If Day 10 saw the eight different grape varieties harvested Days 11 and 12 were a contrast. Friday September 13th was all about Grenache and Saturday was all about Cinsault. These two varieties together with Syrah make up the bulk of the Coutelou production, important for the various wines which emerge each year and for the economic well being of the domaine.
The Grenache was from La Garrigue, planted facing south towards the sun. It copes well with heat, Spanish on origin and grown all around the Mediterranean (known variously as Cannonau, Garnacha, Alicante amongst others). Traditionally this parcel gives good quality fruit which is blended with other wine to make Classe for example.
I was feeling under the weather on the Friday but a day sorting good bunches of tasty grapes helps to improve the day. There was plenty of it too, perhaps the recent rain had boosted the yield a little. A quick tour of the remaining unpicked vines to check maturity also boosted the spirits with some attractive Mourvedre in the pipeline.
Saturday (I must have been feeling better as I took more photos) and the Cinsault of Segrairals. These grapes are used for the 5SO cuvée as well as being blended with other wines, eg for the rosé.
Cinsault grapes tend to be big and the bunches can suffer a little as a result. The large grapes leave gaps in the bunch which leaves it vulnerable to disease and insects getting in, especially ver de la grappe. This moth lays its eggs in the bunch and the grapes are pierced by the resulting larvae. This causes the juice to flow in the bunch and attract rot.

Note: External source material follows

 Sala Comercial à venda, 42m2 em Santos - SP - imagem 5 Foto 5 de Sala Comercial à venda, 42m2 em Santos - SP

Sorting in the vineyard and on the table in the cellar needs to be thorough. That said 2019 has happily been a year of little or no disease.
The day showed how different sections of the vineyard differed in the quality of grapes. There were parts which gave slightly under ripe fruit but others which provided big, black grapes which tasted great to eat. Since 2019 has been so hot and dry much of the wine this year is very concentrated and high in alcohol. The under ripe grapes in the Cinsault actually served a useful purpose in providing lower alcohol and adding more acidity. Nature sometimes finds its own solutions.
Meanwhile in the cellar there is increasing amounts of work to do. More and more of the tanks are full and needing remontage, batonnage or pigeage. The team has to work well together, fortunately this year’s does just that.
The amphorae, filled on Thursday also needed punching down to soak the skins. Fermentation has already started as you may see in this video.
With the Cinsault picked there are now just two main picks left to do in 2019, the Mourvedre and the Carignan. An intensive two weeks has gone by, much work still remains.